RJFM (DZRJ)

Makati; Philippines;
- Broadcast area: Mega Manila and surrounding areas
- Frequency: 100.3 MHz
- RDS: RJ 100
- Branding: 100.3 RJFM

Programming
- Language: English
- Format: Adult Hits
- Affiliations: BBC World Service; (news bulletin only)

Ownership
- Owner: Rajah Broadcasting Network; (Free Air Broadcasting Network, Inc.);
- Sister stations: DZRJ 810 AM RJ DigiTV

History
- First air date: August 1963 (on AM) 1973 (on FM)
- Former call signs: DZUW (1963–1980) DWNK (1980–1986)
- Former frequencies: 1310 kHz (1963–1973)
- Call sign meaning: Ramon Jacinto (founder, Rajah Broadcasting Network)

Technical information
- Licensing authority: NTC
- Class: A, B, upper C
- Power: 25,000 watts
- ERP: 60,000 watts
- Repeater: See RJFM stations

Links
- Webcast: Live Stream

= DZRJ-FM =

Radio station in Metro Manila, Philippines

DZRJ (100.3 FM), broadcasting as 100.3 RJFM, is a radio station owned and operated by Rajah Broadcasting Network through its licensee Free Air Broadcasting Network, Inc. The station's studio is located at 7849 General Luna Street corner Makati Avenue, Barangay Poblacion, Makati, while its transmitter is located along Merano Street, Barangay San Roque, Antipolo (sharing facilities with sister station RJ DigiTV).

==History==
The station was once known as DZUW-AM under the joint ownership of Republic Broadcasting System and Rajah Broadcasting Network. It is the third AM station of RBS after DZBB and DZXX. Originally broadcasting on 1310 kHz AM, it moved to 100.3 MHz FM in 1973. In 1980, 100.3 FM was reformatted as 100.3 Wink FM and it changed its callsign to DWNK-FM. It was staffed by all-female DJs.

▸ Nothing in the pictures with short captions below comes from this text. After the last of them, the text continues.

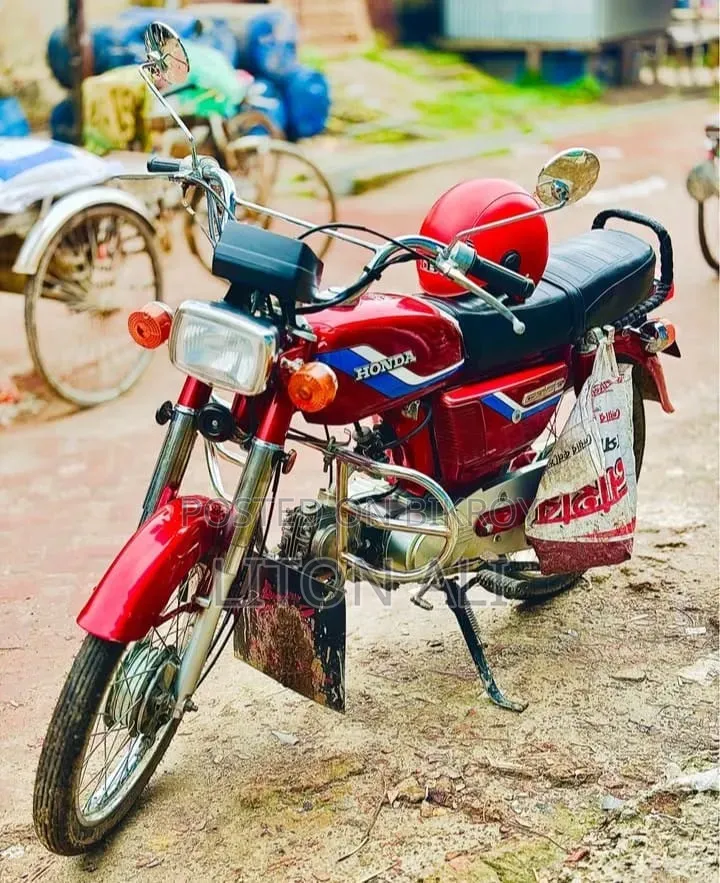 হোন্ডা ২০০২ রেড
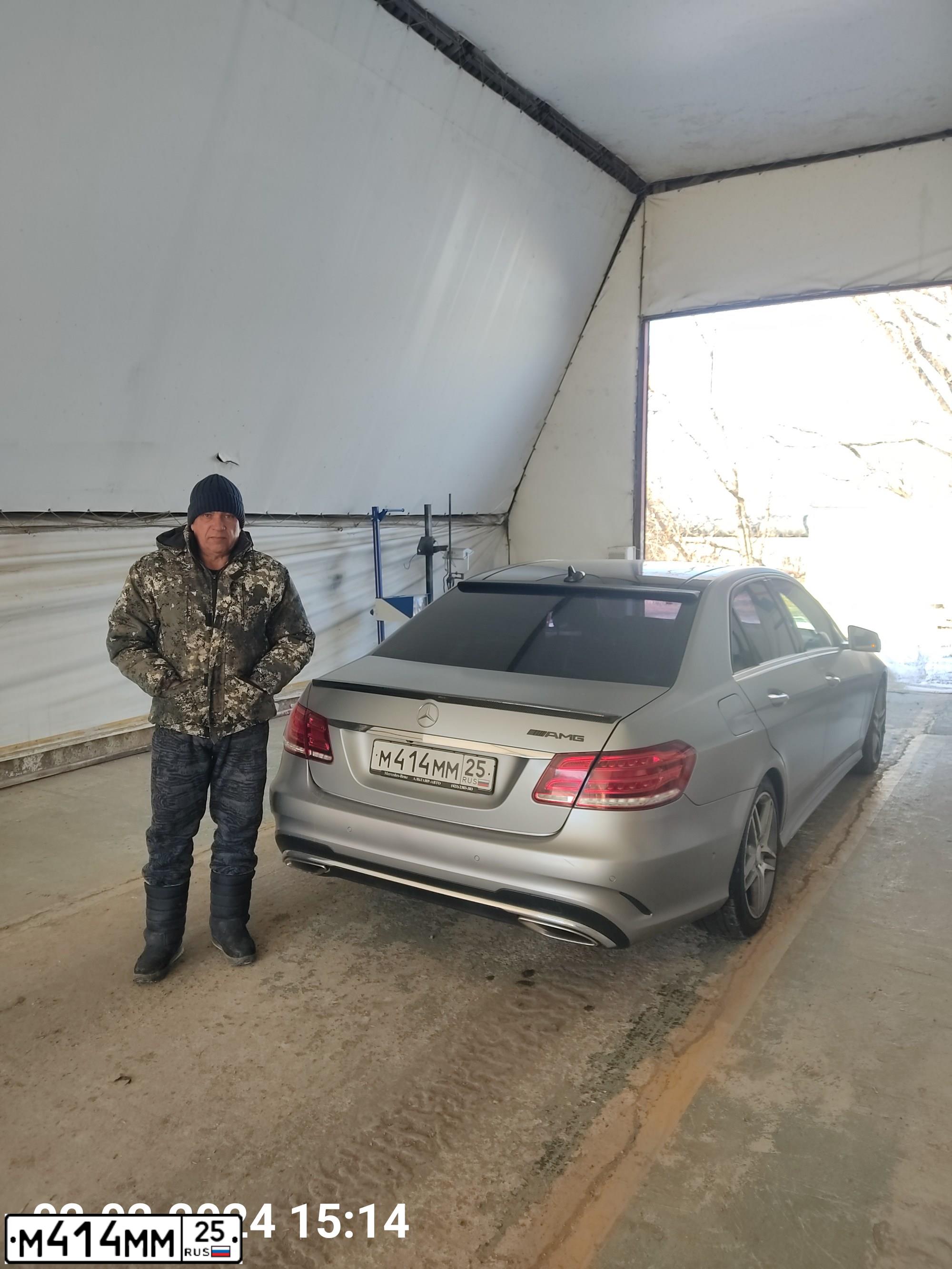Фото автомобиля MERCEDES-BENZ E300, 2013 — госномер В116МР01. Цвет: СЕРЫЙ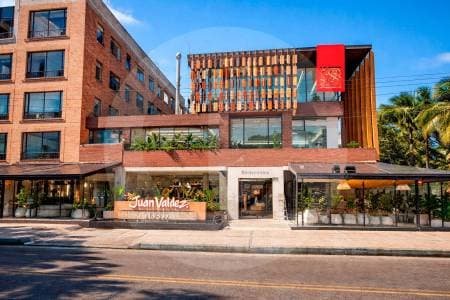 Juan Valdez abre su templo del café en Bogotá: cómo una tienda busca revalorizar el trabajo cafetero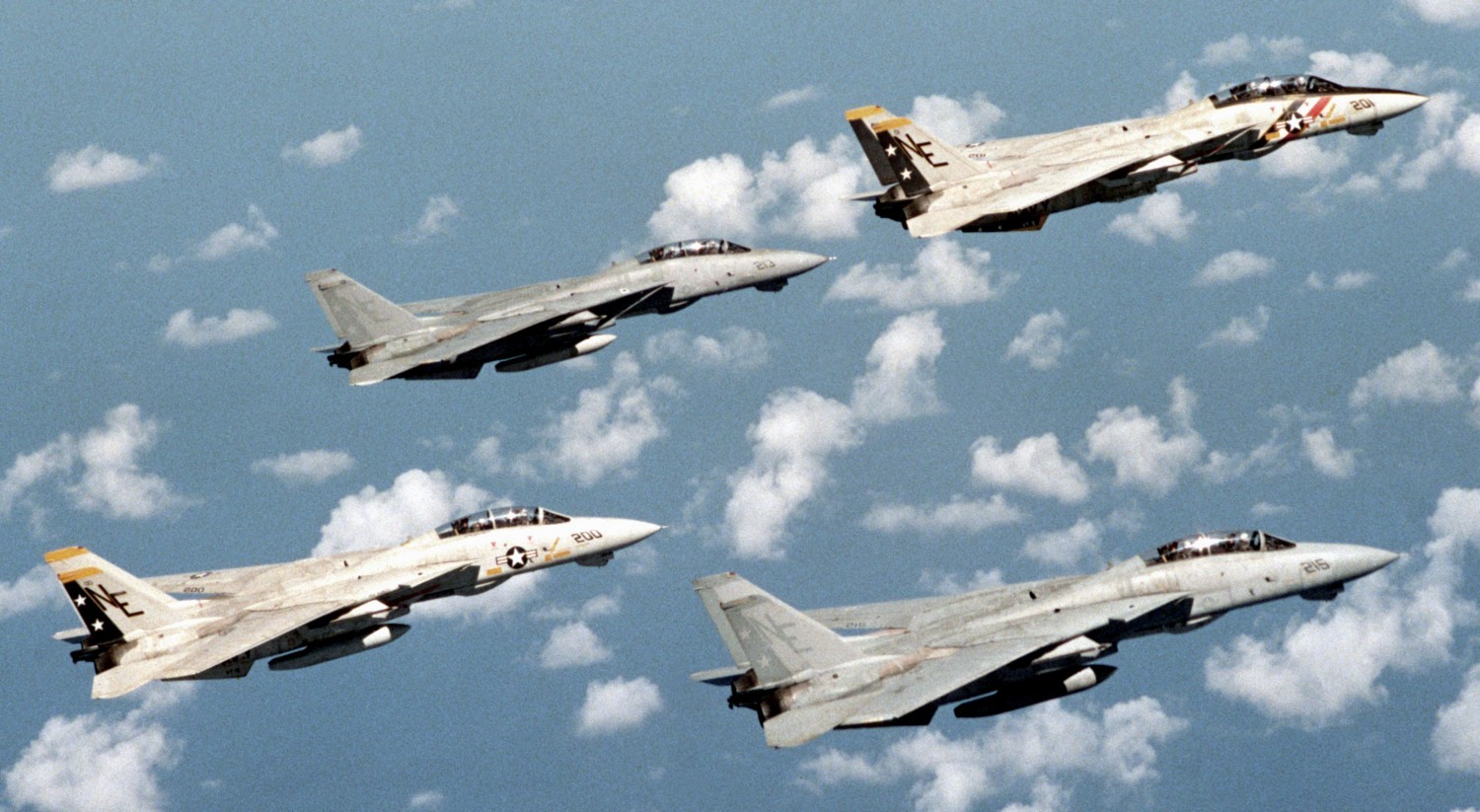vf-2 bounty hunters fighter squadron fitron f-14a tomcat carrier air wing cvw-2 uss ranger cv-61 84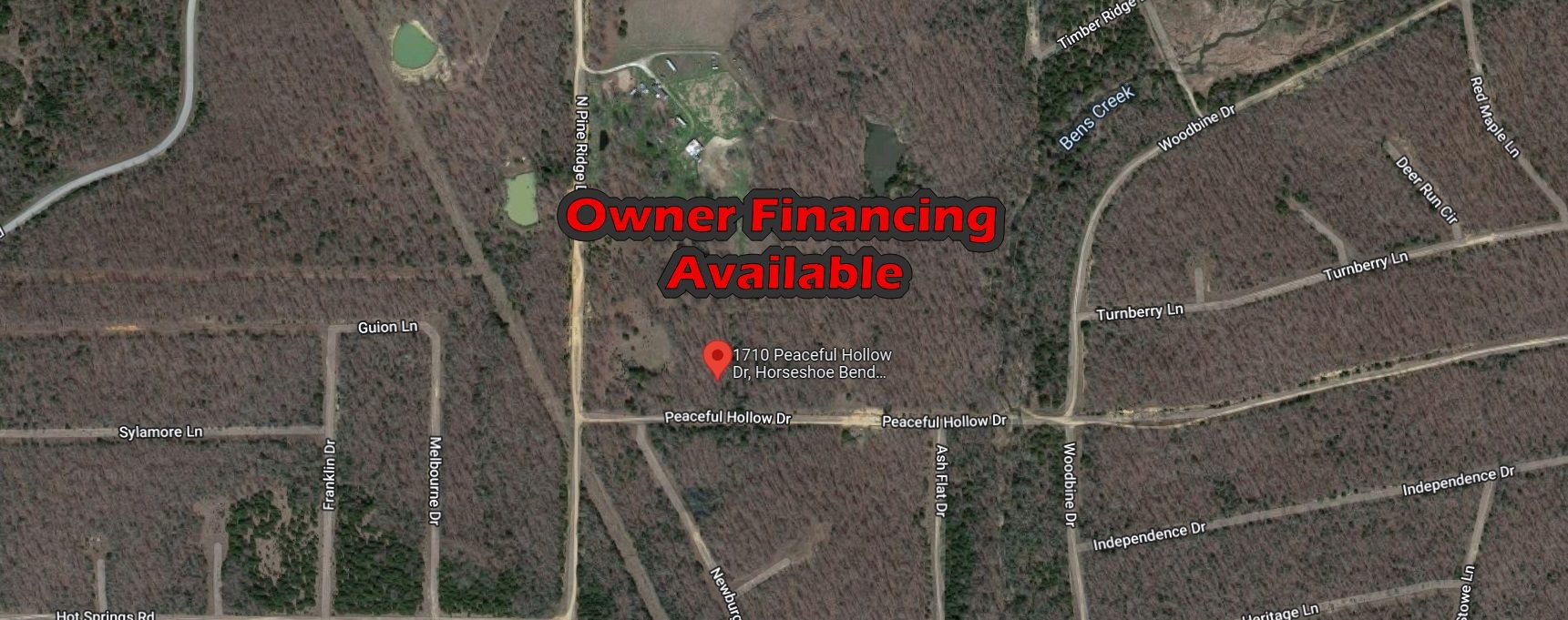 a street sign that is on the wall of a building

Around 1986, during the Philippines' historic People Power Revolution, DZRJ-AM reformatted as Radyo Bandido with a news and talk format. Meanwhile, its album rock format transferred to the then-newly acquired 100.3 FM under the call letters DZRJ. As a result, it carried the brand RJFM: The Original Rock and Roll Radio.

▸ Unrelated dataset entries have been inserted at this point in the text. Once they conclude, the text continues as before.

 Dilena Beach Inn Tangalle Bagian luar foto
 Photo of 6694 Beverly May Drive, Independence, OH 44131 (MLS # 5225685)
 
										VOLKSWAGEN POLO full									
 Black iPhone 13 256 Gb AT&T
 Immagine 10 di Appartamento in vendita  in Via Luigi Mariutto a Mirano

In December 1995, it rebranded as Boss Radio and shifted to a classic rock format, focusing on the 50s, 60s and 70s. Among its on-air personalities were Eddie Mercado, Bong Lapira, Lito Gorospe, Larry Abando, Manny Caringal, Ronnie Quintos, Naldi Castro and Cito Paredes. By this time, it officially launched its nationwide satellite broadcasting, a first in the history of the company to achieve this milestone.

In June 1999, it rebranded as The Hive and switched to an alternative rock format.

On May 6, 2001, it rebranded as RJFM and switched to a variety hits format, airing music from the 1960s to the present-day, with its Sunday programming reserved for music from the 1950s and 1960s (Oldies). Initially fully automated, it was in May 2003 when it started having on-air jocks. RJFM has a daily morning program called Beatles Anthology, featuring the songs of The Beatles for one whole hour.